TASK. Once you have read the data below, set it all down again exactly.

DATA TO PROCESS.
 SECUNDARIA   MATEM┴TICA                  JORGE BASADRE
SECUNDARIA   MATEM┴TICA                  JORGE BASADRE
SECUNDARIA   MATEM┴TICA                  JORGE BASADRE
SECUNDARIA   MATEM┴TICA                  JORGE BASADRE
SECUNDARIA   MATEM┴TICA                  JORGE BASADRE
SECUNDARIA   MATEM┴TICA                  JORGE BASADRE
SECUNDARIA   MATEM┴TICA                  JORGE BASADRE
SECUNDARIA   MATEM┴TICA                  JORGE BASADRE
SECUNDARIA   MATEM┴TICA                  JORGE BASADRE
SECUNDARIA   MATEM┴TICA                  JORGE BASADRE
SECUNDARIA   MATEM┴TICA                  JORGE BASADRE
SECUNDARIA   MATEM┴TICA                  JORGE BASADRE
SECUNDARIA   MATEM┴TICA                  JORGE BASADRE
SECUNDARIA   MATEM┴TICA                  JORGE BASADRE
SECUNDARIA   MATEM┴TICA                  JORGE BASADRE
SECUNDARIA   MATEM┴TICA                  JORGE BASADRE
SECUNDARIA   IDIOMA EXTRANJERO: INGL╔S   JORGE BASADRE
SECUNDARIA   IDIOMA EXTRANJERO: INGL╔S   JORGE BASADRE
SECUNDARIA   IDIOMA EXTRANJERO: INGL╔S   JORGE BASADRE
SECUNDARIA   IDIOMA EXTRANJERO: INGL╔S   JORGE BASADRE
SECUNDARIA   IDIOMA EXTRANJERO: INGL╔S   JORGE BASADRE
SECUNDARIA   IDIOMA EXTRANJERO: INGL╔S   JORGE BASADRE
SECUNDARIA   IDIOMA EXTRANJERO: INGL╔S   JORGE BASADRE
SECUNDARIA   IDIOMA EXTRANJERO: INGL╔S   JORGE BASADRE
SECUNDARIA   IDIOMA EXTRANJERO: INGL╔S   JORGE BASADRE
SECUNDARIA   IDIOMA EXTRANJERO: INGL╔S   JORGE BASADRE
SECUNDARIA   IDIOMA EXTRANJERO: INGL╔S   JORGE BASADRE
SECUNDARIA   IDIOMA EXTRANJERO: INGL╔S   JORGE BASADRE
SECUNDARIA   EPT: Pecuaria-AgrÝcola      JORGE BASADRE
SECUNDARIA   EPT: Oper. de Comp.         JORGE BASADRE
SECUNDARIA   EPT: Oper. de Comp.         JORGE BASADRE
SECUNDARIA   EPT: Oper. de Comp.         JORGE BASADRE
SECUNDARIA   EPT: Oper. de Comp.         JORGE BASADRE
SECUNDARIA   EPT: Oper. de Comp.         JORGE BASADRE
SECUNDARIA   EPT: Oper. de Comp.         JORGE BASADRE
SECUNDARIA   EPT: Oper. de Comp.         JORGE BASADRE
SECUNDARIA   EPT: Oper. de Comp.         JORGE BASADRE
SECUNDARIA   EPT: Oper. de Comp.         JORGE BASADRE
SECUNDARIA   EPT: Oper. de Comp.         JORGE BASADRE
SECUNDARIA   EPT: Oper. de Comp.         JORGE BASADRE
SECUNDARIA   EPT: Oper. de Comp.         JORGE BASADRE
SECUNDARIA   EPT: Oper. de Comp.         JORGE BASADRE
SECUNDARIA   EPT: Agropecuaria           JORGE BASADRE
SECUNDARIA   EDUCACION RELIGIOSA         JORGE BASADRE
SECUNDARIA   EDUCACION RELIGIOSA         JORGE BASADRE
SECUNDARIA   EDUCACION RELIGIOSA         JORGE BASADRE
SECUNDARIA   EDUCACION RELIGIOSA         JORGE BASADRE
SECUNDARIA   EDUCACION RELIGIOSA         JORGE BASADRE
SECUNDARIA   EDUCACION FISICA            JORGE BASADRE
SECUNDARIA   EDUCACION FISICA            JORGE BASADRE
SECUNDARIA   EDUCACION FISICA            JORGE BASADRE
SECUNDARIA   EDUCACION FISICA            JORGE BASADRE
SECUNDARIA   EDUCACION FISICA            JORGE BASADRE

FINISHED EXERCISE.
 SECUNDARIA   MATEM┴TICA                  JORGE BASADRE
SECUNDARIA   MATEM┴TICA                  JORGE BASADRE
SECUNDARIA   MATEM┴TICA                  JORGE BASADRE
SECUNDARIA   MATEM┴TICA                  JORGE BASADRE
SECUNDARIA   MATEM┴TICA                  JORGE BASADRE
SECUNDARIA   MATEM┴TICA                  JORGE BASADRE
SECUNDARIA   MATEM┴TICA                  JORGE BASADRE
SECUNDARIA   MATEM┴TICA                  JORGE BASADRE
SECUNDARIA   MATEM┴TICA                  JORGE BASADRE
SECUNDARIA   MATEM┴TICA                  JORGE BASADRE
SECUNDARIA   MATEM┴TICA                  JORGE BASADRE
SECUNDARIA   MATEM┴TICA                  JORGE BASADRE
SECUNDARIA   MATEM┴TICA                  JORGE BASADRE
SECUNDARIA   MATEM┴TICA                  JORGE BASADRE
SECUNDARIA   MATEM┴TICA                  JORGE BASADRE
SECUNDARIA   MATEM┴TICA                  JORGE BASADRE
SECUNDARIA   IDIOMA EXTRANJERO: INGL╔S   JORGE BASADRE
SECUNDARIA   IDIOMA EXTRANJERO: INGL╔S   JORGE BASADRE
SECUNDARIA   IDIOMA EXTRANJERO: INGL╔S   JORGE BASADRE
SECUNDARIA   IDIOMA EXTRANJERO: INGL╔S   JORGE BASADRE
SECUNDARIA   IDIOMA EXTRANJERO: INGL╔S   JORGE BASADRE
SECUNDARIA   IDIOMA EXTRANJERO: INGL╔S   JORGE BASADRE
SECUNDARIA   IDIOMA EXTRANJERO: INGL╔S   JORGE BASADRE
SECUNDARIA   IDIOMA EXTRANJERO: INGL╔S   JORGE BASADRE
SECUNDARIA   IDIOMA EXTRANJERO: INGL╔S   JORGE BASADRE
SECUNDARIA   IDIOMA EXTRANJERO: INGL╔S   JORGE BASADRE
SECUNDARIA   IDIOMA EXTRANJERO: INGL╔S   JORGE BASADRE
SECUNDARIA   IDIOMA EXTRANJERO: INGL╔S   JORGE BASADRE
SECUNDARIA   EPT: Pecuaria-AgrÝcola      JORGE BASADRE
SECUNDARIA   EPT: Oper. de Comp.         JORGE BASADRE
SECUNDARIA   EPT: Oper. de Comp.         JORGE BASADRE
SECUNDARIA   EPT: Oper. de Comp.         JORGE BASADRE
SECUNDARIA   EPT: Oper. de Comp.         JORGE BASADRE
SECUNDARIA   EPT: Oper. de Comp.         JORGE BASADRE
SECUNDARIA   EPT: Oper. de Comp.         JORGE BASADRE
SECUNDARIA   EPT: Oper. de Comp.         JORGE BASADRE
SECUNDARIA   EPT: Oper. de Comp.         JORGE BASADRE
SECUNDARIA   EPT: Oper. de Comp.         JORGE BASADRE
SECUNDARIA   EPT: Oper. de Comp.         JORGE BASADRE
SECUNDARIA   EPT: Oper. de Comp.         JORGE BASADRE
SECUNDARIA   EPT: Oper. de Comp.         JORGE BASADRE
SECUNDARIA   EPT: Oper. de Comp.         JORGE BASADRE
SECUNDARIA   EPT: Agropecuaria           JORGE BASADRE
SECUNDARIA   EDUCACION RELIGIOSA         JORGE BASADRE
SECUNDARIA   EDUCACION RELIGIOSA         JORGE BASADRE
SECUNDARIA   EDUCACION RELIGIOSA         JORGE BASADRE
SECUNDARIA   EDUCACION RELIGIOSA         JORGE BASADRE
SECUNDARIA   EDUCACION RELIGIOSA         JORGE BASADRE
SECUNDARIA   EDUCACION FISICA            JORGE BASADRE
SECUNDARIA   EDUCACION FISICA            JORGE BASADRE
SECUNDARIA   EDUCACION FISICA            JORGE BASADRE
SECUNDARIA   EDUCACION FISICA            JORGE BASADRE
SECUNDARIA   EDUCACION FISICA            JORGE BASADRE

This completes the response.